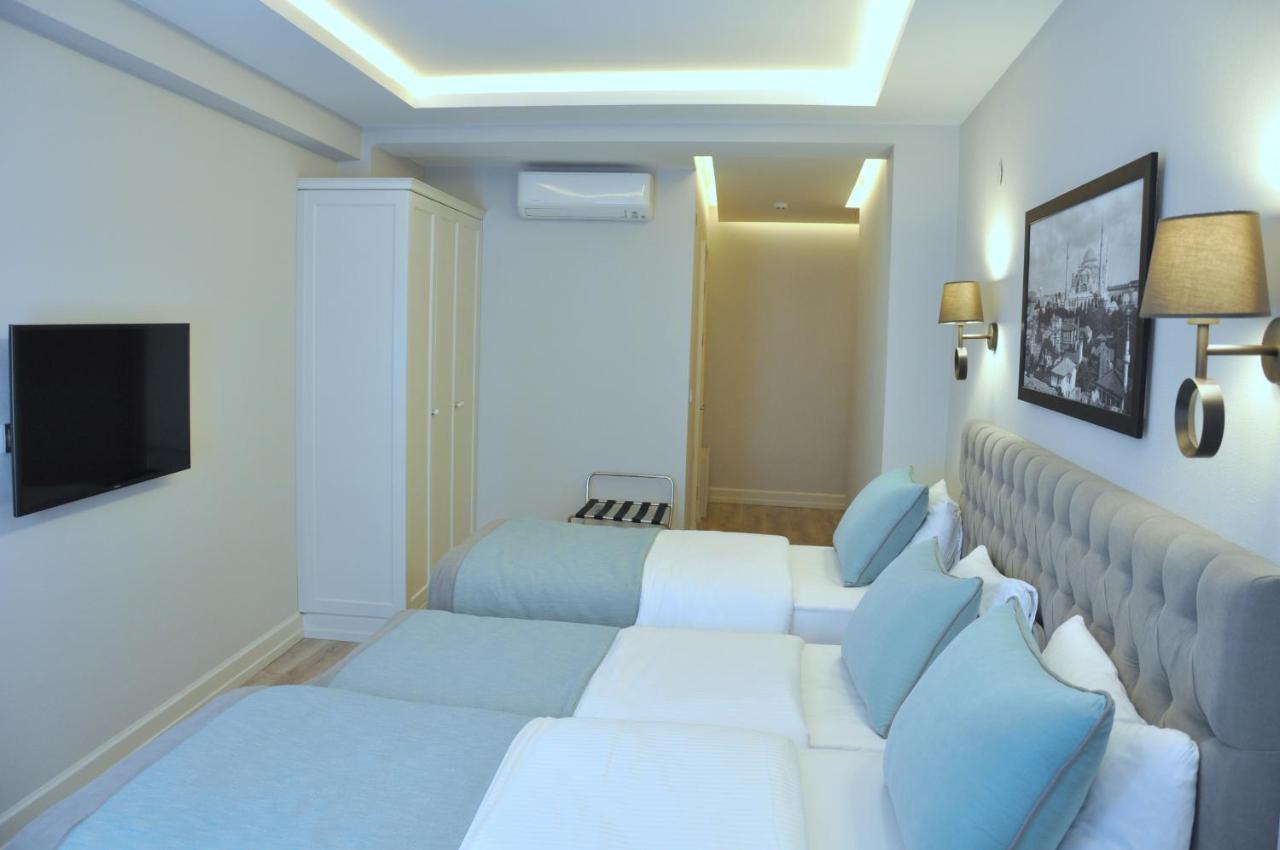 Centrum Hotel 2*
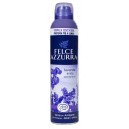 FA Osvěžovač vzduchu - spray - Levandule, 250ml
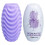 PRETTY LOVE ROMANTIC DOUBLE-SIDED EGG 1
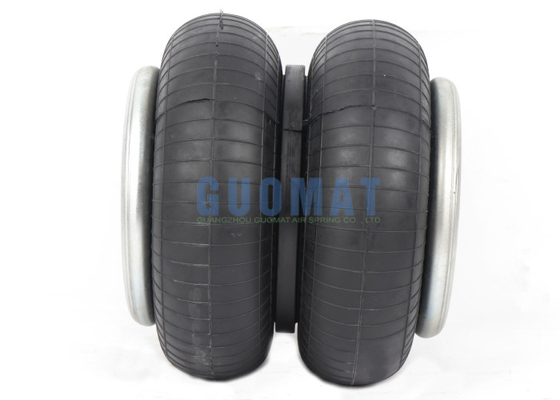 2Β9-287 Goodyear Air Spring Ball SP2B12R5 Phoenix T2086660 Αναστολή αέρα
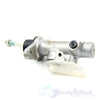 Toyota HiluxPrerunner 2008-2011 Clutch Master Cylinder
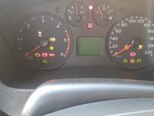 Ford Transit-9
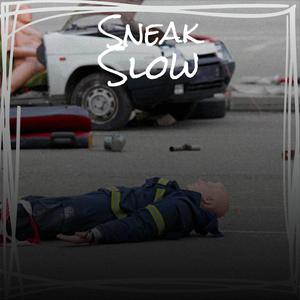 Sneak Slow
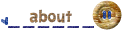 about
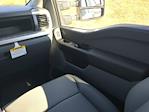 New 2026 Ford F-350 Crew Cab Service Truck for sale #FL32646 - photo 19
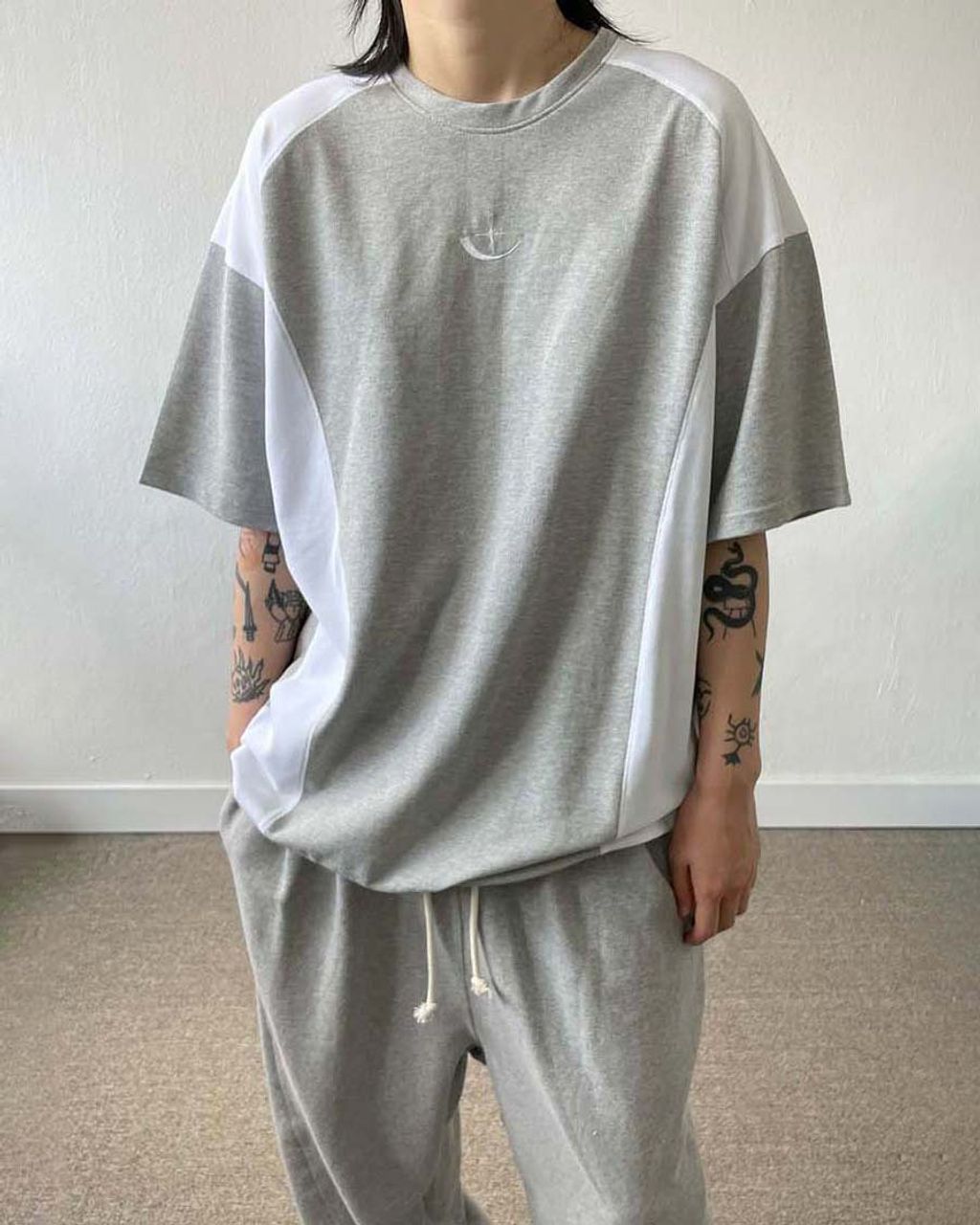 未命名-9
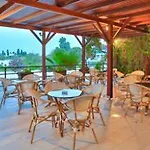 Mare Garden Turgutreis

+ + + + +

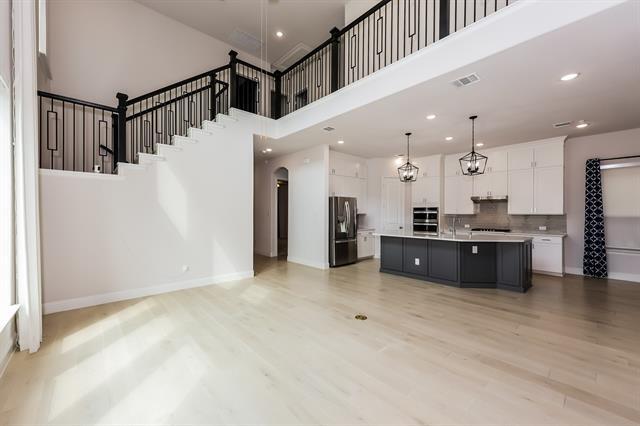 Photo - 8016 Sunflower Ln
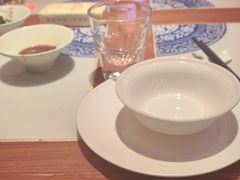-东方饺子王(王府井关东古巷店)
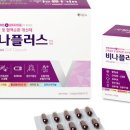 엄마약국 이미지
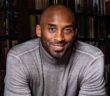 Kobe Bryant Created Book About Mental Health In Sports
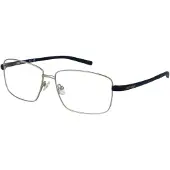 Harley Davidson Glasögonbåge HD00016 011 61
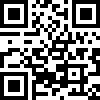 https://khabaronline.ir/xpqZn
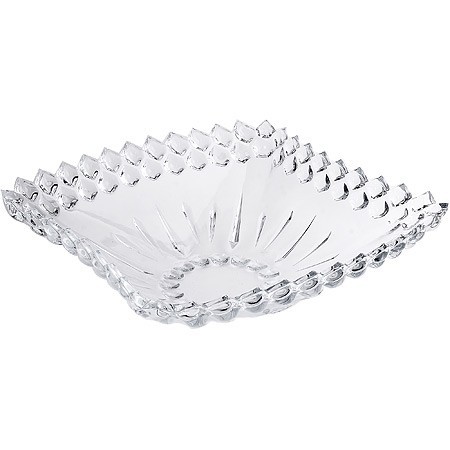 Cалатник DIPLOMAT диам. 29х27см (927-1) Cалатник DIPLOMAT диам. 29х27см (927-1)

+ + + + +

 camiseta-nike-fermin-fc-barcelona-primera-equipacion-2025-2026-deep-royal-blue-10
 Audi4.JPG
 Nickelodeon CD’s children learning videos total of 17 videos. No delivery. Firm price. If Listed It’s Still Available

+ + + + +

• **Your instructions**
Using the entries above, transcribe every line from the line containing "Centrum Hotel 2*" through the line containing "Mare Garden Turgutreis". Do not copy pictures.

• **Response area**
 Centrum Hotel 2*
 FA Osvěžovač vzduchu - spray - Levandule, 250ml
 PRETTY LOVE ROMANTIC DOUBLE-SIDED EGG 1
 2Β9-287 Goodyear Air Spring Ball SP2B12R5 Phoenix T2086660 Αναστολή αέρα
 Toyota HiluxPrerunner 2008-2011 Clutch Master Cylinder
 Ford Transit-9
 Sneak Slow
 about
 New 2026 Ford F-350 Crew Cab Service Truck for sale #FL32646 - photo 19
 未命名-9
 Mare Garden Turgutreis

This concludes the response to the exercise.